In Gujarat, Krishna is known as Dwarkadheesh, or the Lord of Dwaraka. But the image here shows him with four arms or Chaturbhuj, more like Vishnu, and less like Krishna. The images of Dwarkadheesh are found in Dwarka, as well as Dakor. In Bengal, Krishna is called Keshto in the Baul traditions.
Chaitanya Mahaprabhu made his image as Murlidhar or the flute-holding Krishna standing entwined with Radha. This image is found in the Gaudiya Vaishnava Parampara. In the Shankardev traditions of Assam, in the satras of Assam, Krishna is popularly known as Madhava, linking him with madhu or honey. However, in Namghar, where his name is chanted and stories narrated, there is no statue of Krishna.
If you read old Tamil literature, we come across a cowherd god called Mayon. Mayon is surrounded by milkmaids and has a beloved name called Nappinnai. We wonder who he is. A closer examination reveals he is Kanha of Hindi literature, and Nappinnai is Radha. This is the same god, referred to very differently in the northern belt and in the southern regions.
In Karnataka, Krishna is worshipped as Chennakeshava or the little Krishna. His image shows him holding a churning rod in one hand. In Kerala, he is visualised as Guruvayur. Guruvayur means the deity who was worshipped by Brihaspati and Vayu, the planet Jupiter and the wind-god. It is said that this image was worshipped once by Devaki and was passed on to the kings of Kerala, a long time ago.
In Maharashtra, Krishna is worshipped as Vithala, in Pandharpur with Rakhumani or Rukhmani. Krishna here stands on a brick with arms akimbo. The word Vithoba is connected to Vishnu, or Vithu, in the old form of Marathi.
In Tirupati, Andhra Pradesh, the deity looks like the four armed Vishnu but is addressed as Govinda, or Gopala, the cowherd. In Chennai, there is a rare temple where he is called Parthasarathy or the charioteer of Arjuna.

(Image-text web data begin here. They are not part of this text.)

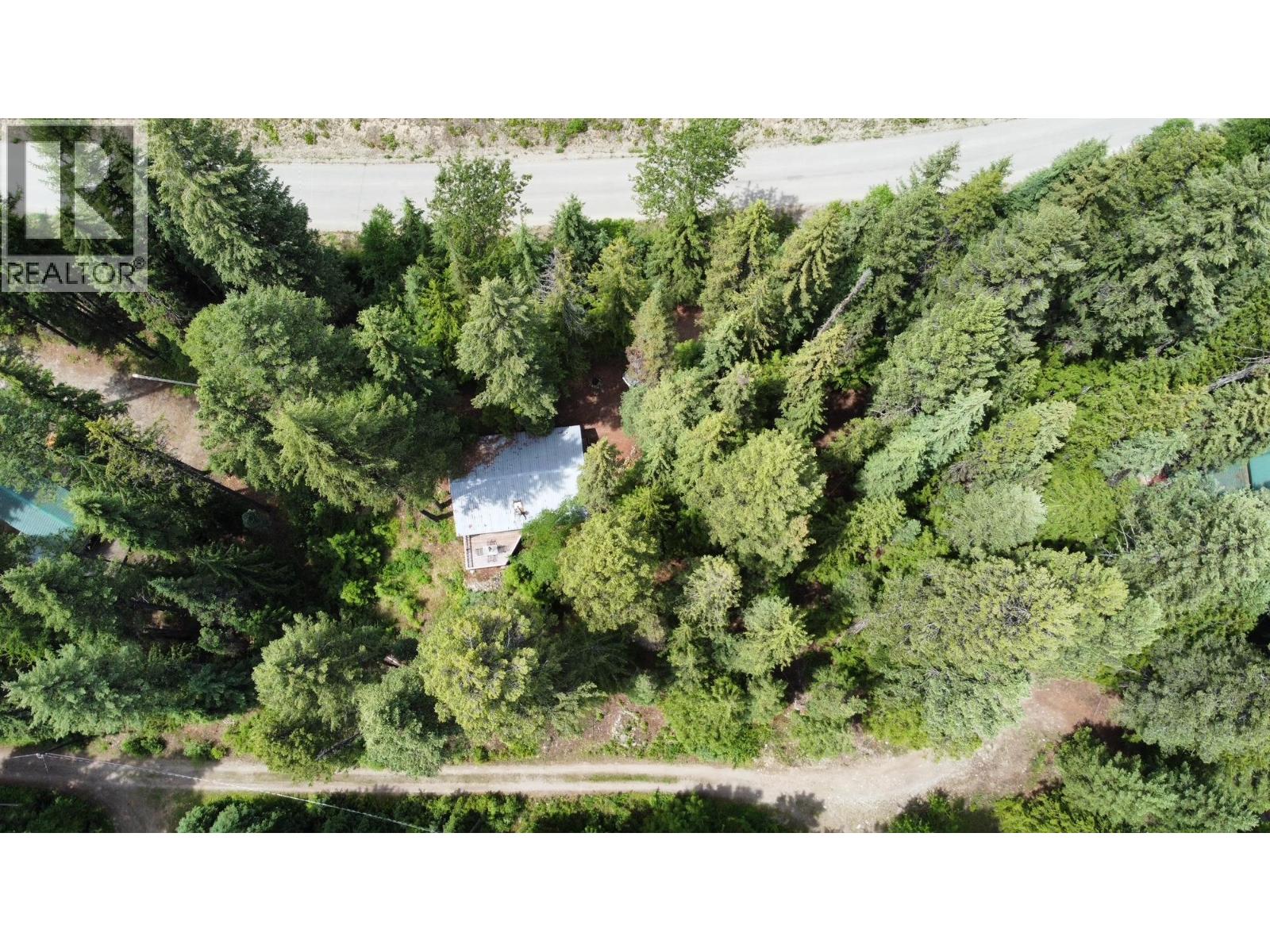 2832 Jewel Lake Road, Jewel Lake, British Columbia  V0H 1J0 - Photo 17 - 10367027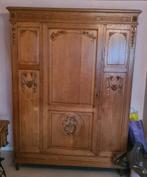 Garde de robe en chêne sculpté main et unique, Enlèvement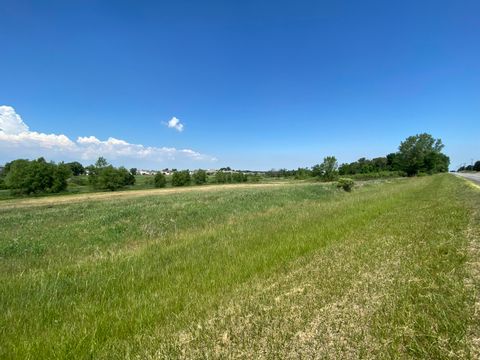 Photo of Lt1 Oak Dr, Ixonia, WI 53036 (MLS # 1745454)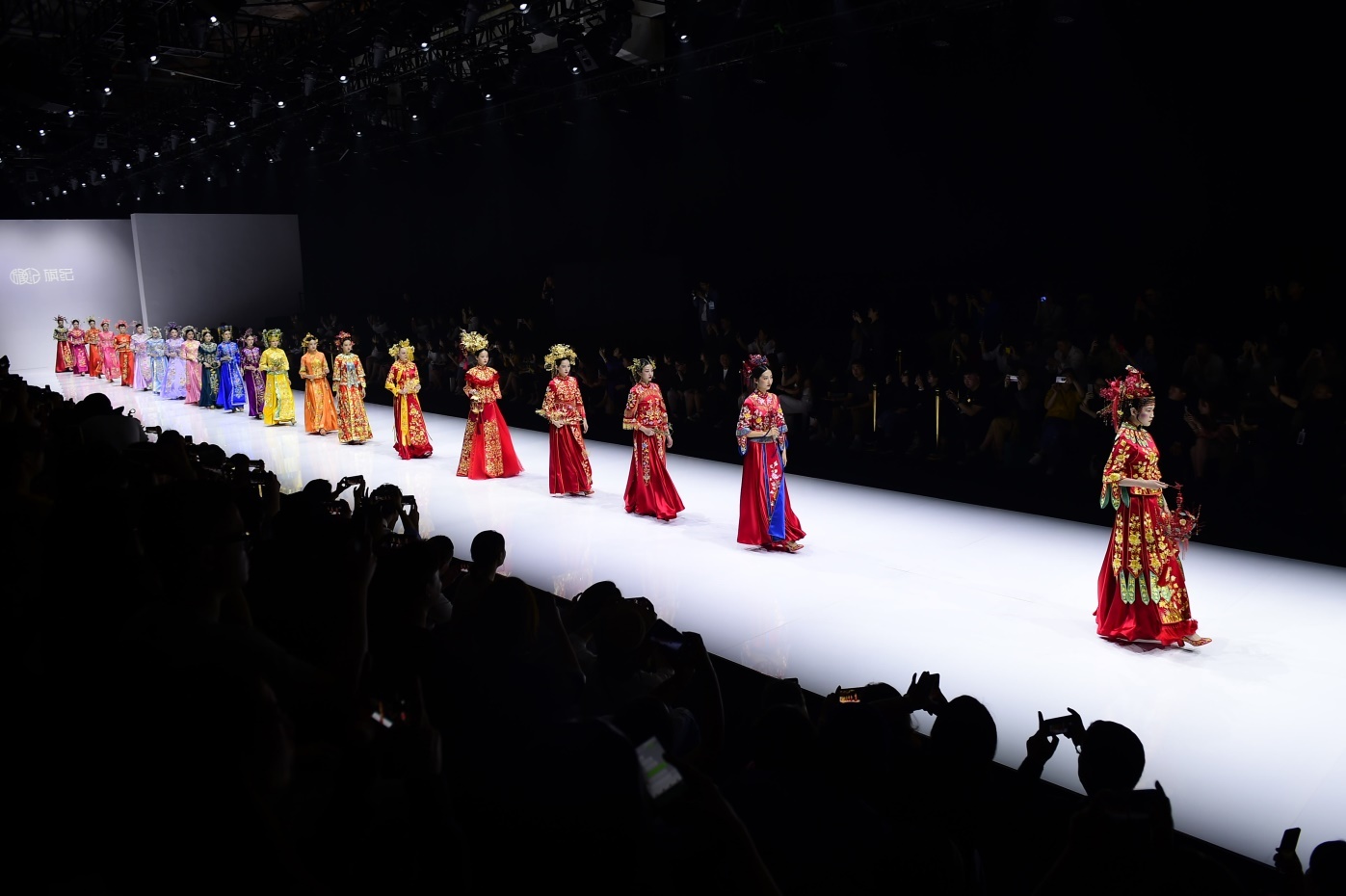中式“新时尚”旗纪高定之美，上海时装周完美演绎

This statue is gigantic and has a moustache, a very unique feature not found in other parts of India. In his hand, he holds not a flute but a conch-shell. In the Guru Granth Sahib of the Sikhs, there is repeated reference to Hari and Madhusudan, names of Krishna.
Thus, we find Krishna visualised differently in different parts of India. Thus the concept of unity and diversity finds a mythological expression. Diverse regional forms of Krishna are united by the Puranic idea of Krishna, the eighth avatar of Vishnu.